FS#69256 - [linux] kernel NULL pointer dereference

Attached to Project: Arch Linux
Opened by Nelson Balza (KbpG28) - Saturday, 09 January 2021, 10:17 GMT
Last edited by Sven-Hendrik Haase (Svenstaro) - Wednesday, 17 February 2021, 23:45 GMT
Task Type Bug Report
Category Packages: Core
Status Closed
Assigned To No-one
Architecture x86_64
Severity Critical
Priority Normal
Reported Version
Due in Version Undecided
Due Date Undecided
Percent Complete 100%
Votes 3
Private No

Details

Description: The system suddenly crashes, even if I'm not doing anything at all. I had music in background and it continued to play, I tried to change to virtual console with ctrl+alt+f3 or shut down the xrog server with ctrl+alt+backspace, but nothing happened, the screen stayed frozen with what I was doing on screen and music playing in background, I had to force a physical shutdown.

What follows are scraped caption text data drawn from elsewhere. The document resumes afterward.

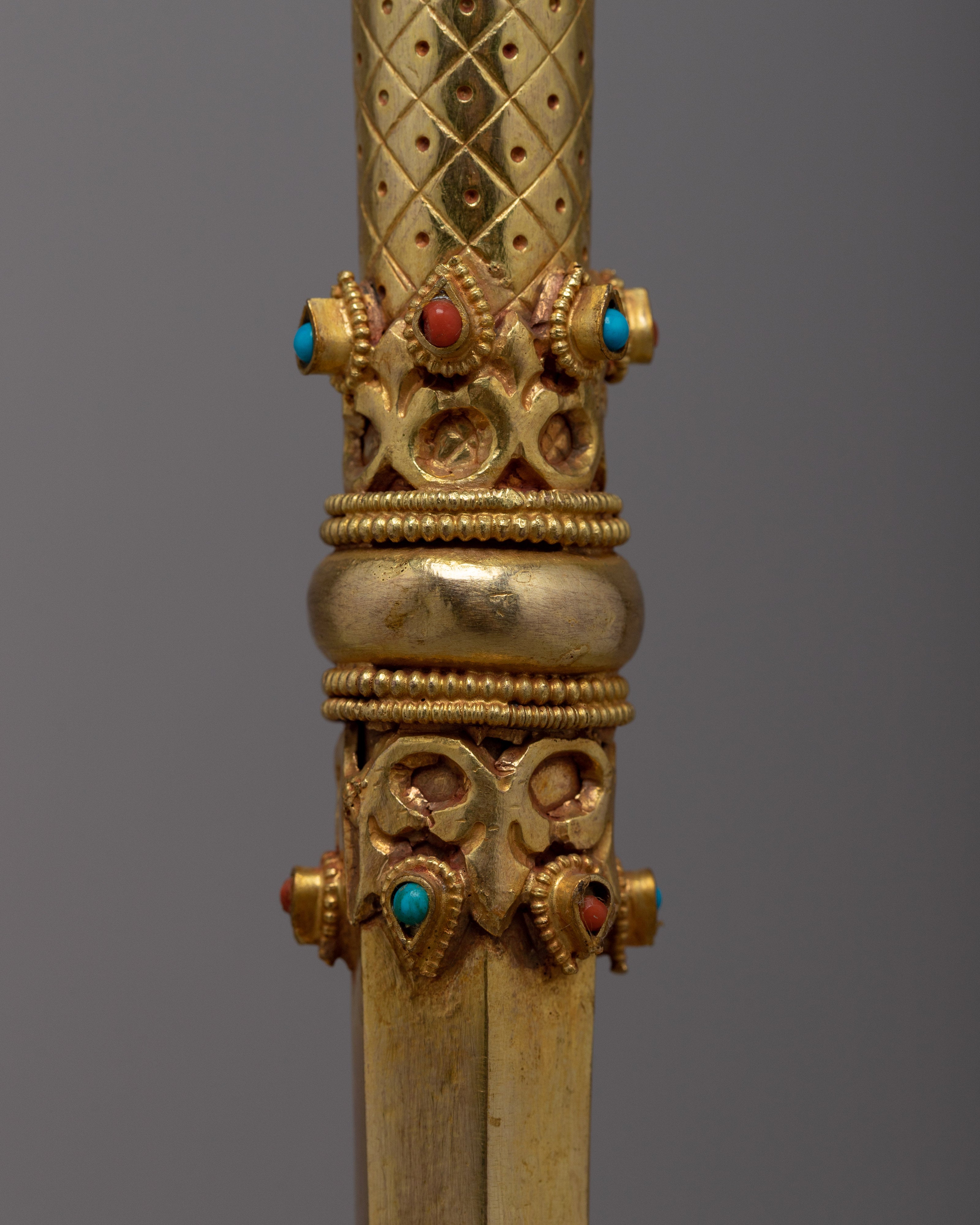 Large Khatvanga Art | Sacred Tibetan Ritual Object
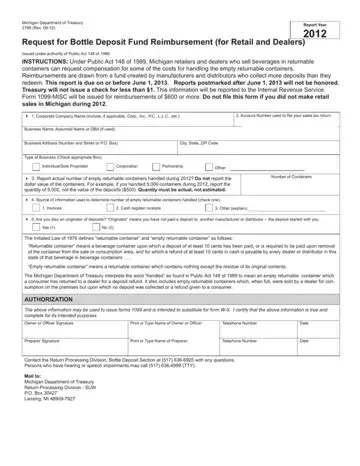 Michigan Form 2196 Preview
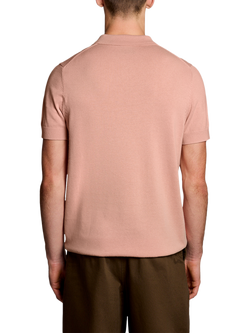 Lyle & Scott Cotton Regular Fit Short Sleeve Polo Shirt, Y120 Pink Grapefruit - view 2, Y120 Pink Grapefruit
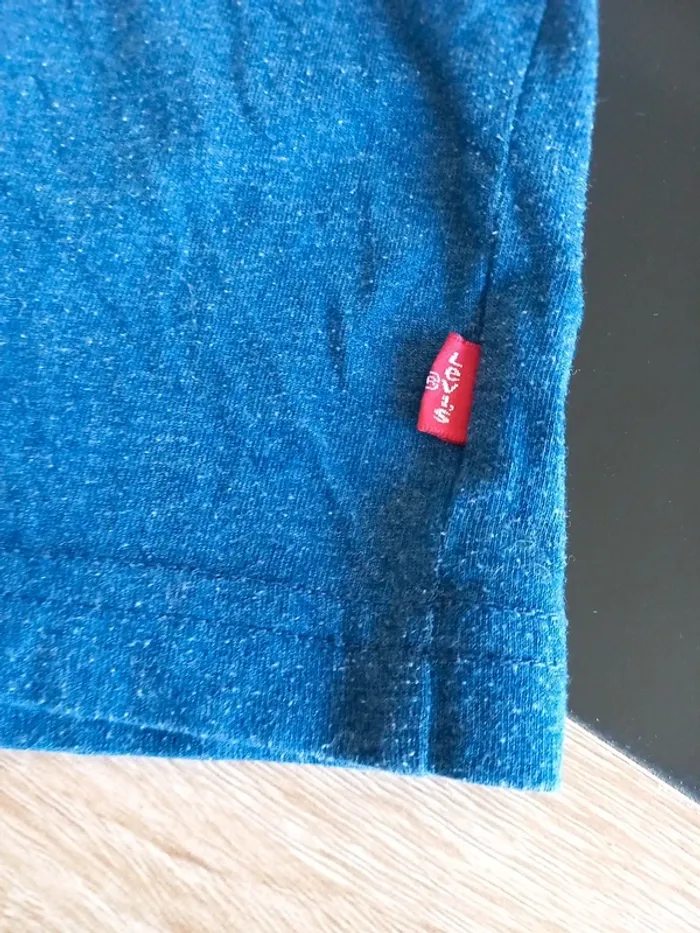 Tee-shirt bleu Levi's 8/10 ans - photo numéro 5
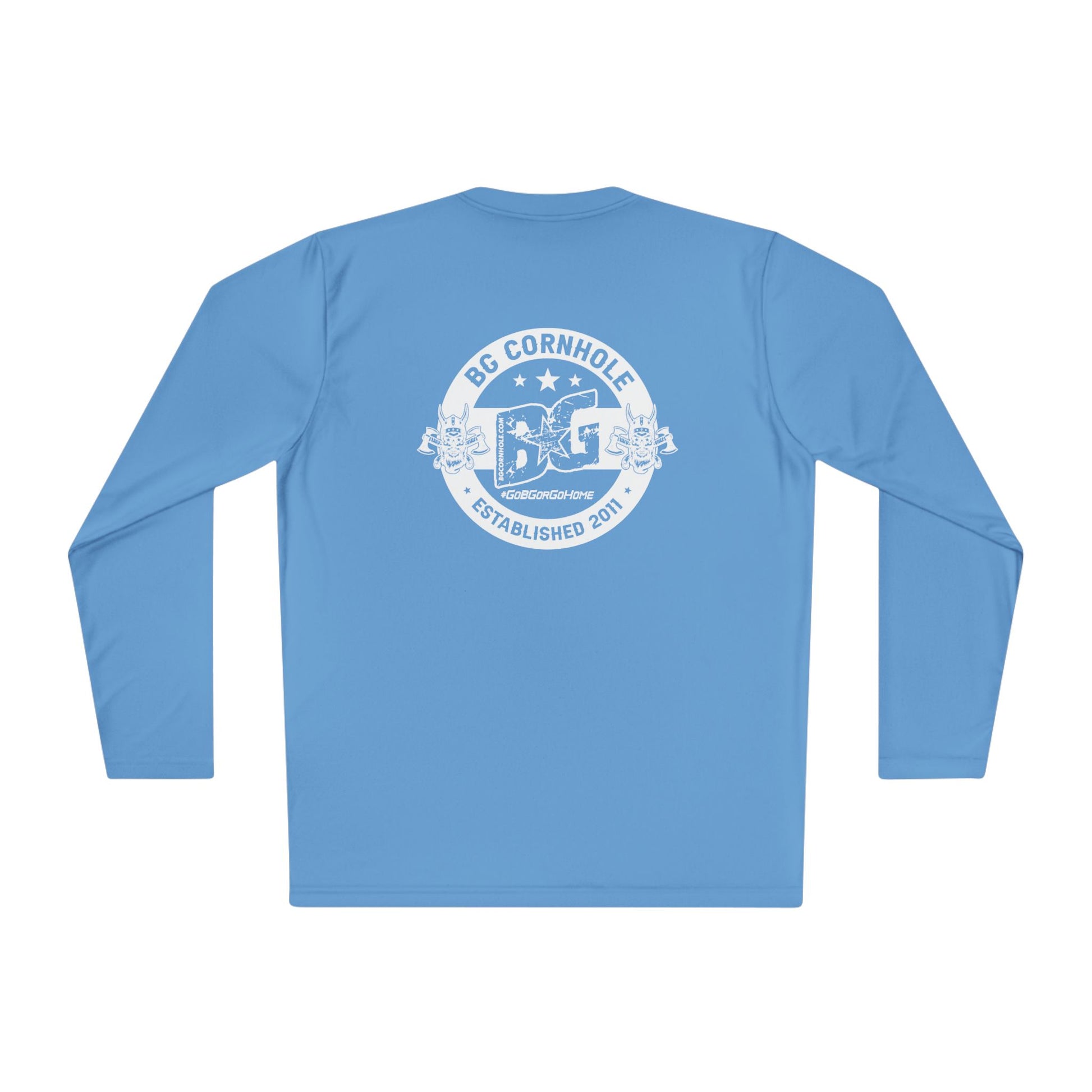 BG Unisex Lightweight Polyester Long Sleeve Tee - Multiple Colors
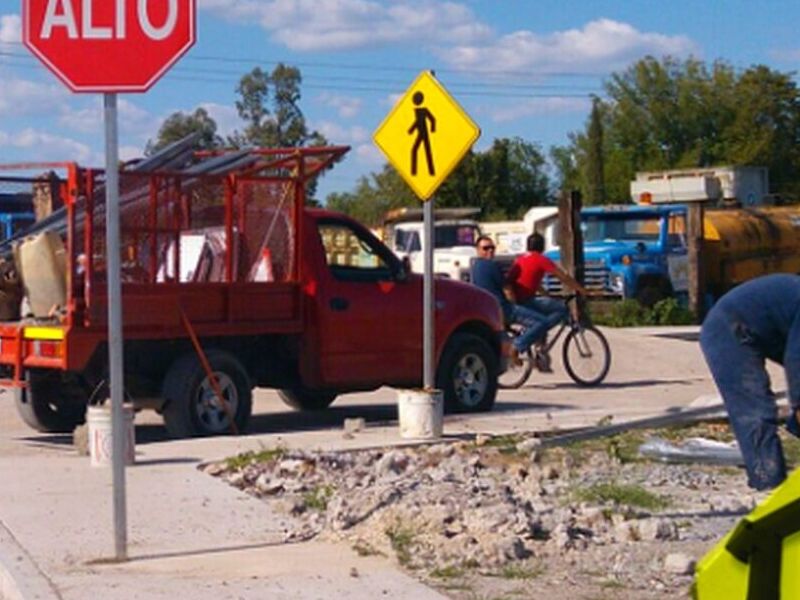 Instalación señalamiento vial Chile 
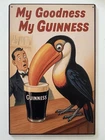 Guinness Beer Metal Sign - My Goodness My Guinness Retro Vintage Irish Stout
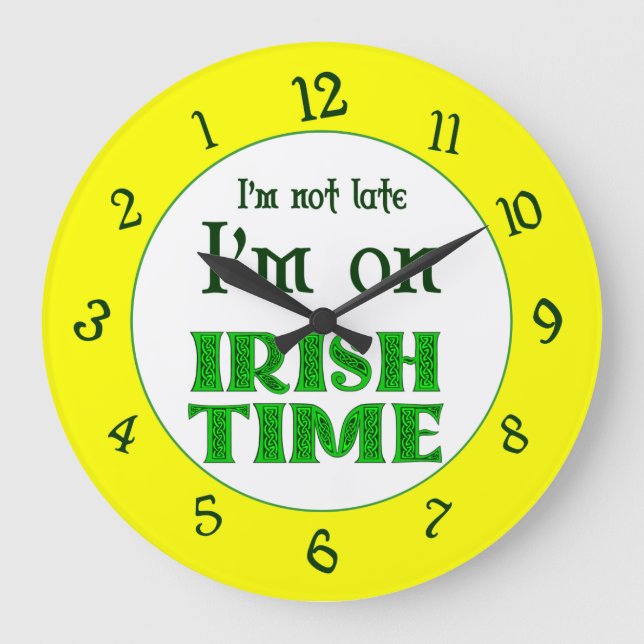 Reloj de números atrasados en el tiempo irlandés (Anverso)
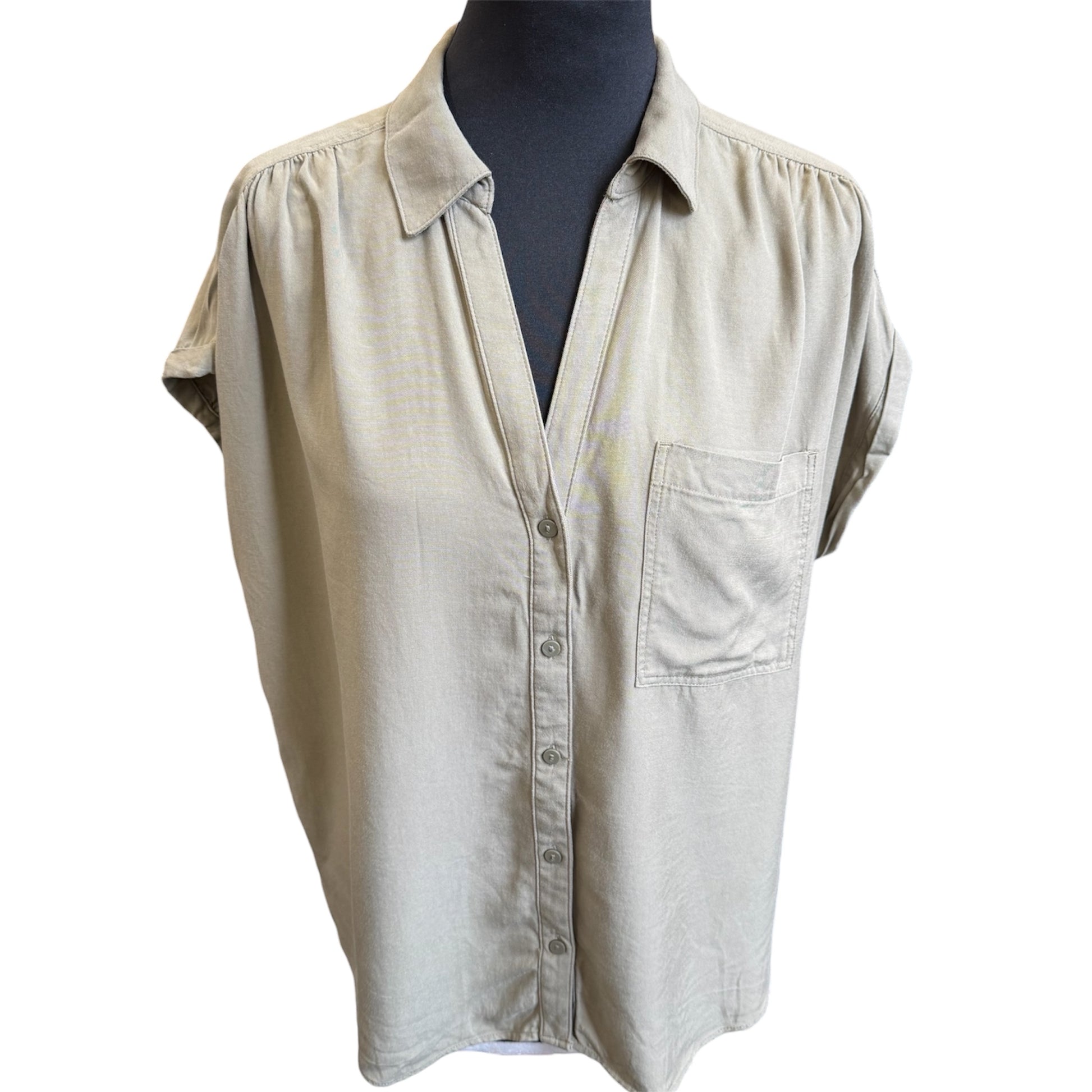 F&F khaki oversize casual shirt
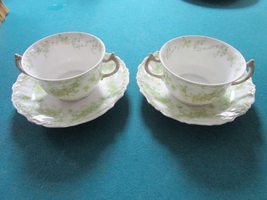 Compatible with Antique Limoges France Compatible with Elite Two Soup/Cream Cups - £82.62 GBP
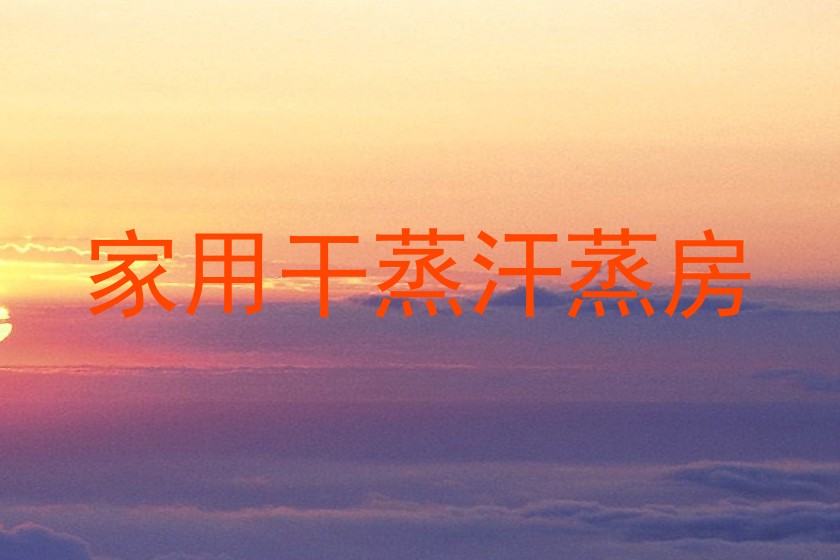 家用干蒸汗蒸房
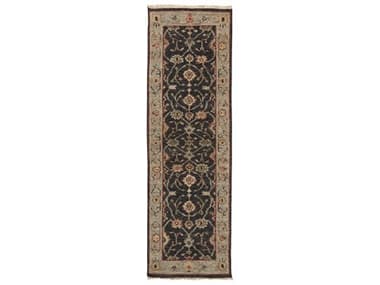 Feizy Rugs Carrington Bordered Runner Area Rug FZ9826500FCHLLBLI68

This usually happened after hours from boot, it doesn't seem to be a particular application to be causing the problem. It happened with both gnome and kde. This started to happening only from the last update of both kernel and nvidia driver.


Additional info:
* linux-5.10.5.arch1-1
* nvidia-460.32.03

Steps to reproduce:
I didn't find out what pattern is exactly causing the problem, it just happens after few hours
This task depends upon

Closed by  Sven-Hendrik Haase (Svenstaro)
Wednesday, 17 February 2021, 23:45 GMT
Reason for closing:  Upstream
Comment by loqs (loqs) - Saturday, 09 January 2021, 11:55 GMT
@KbpG28 unfortunately there is absolutely nothing Arch can do to fix issues in the binary blob part of the nvidia kernel driver. There are similar upstream reports such as [1].
I can only suggest if you can not a thread on the nvidia linux sub forum you start a new one see [2] for what to include.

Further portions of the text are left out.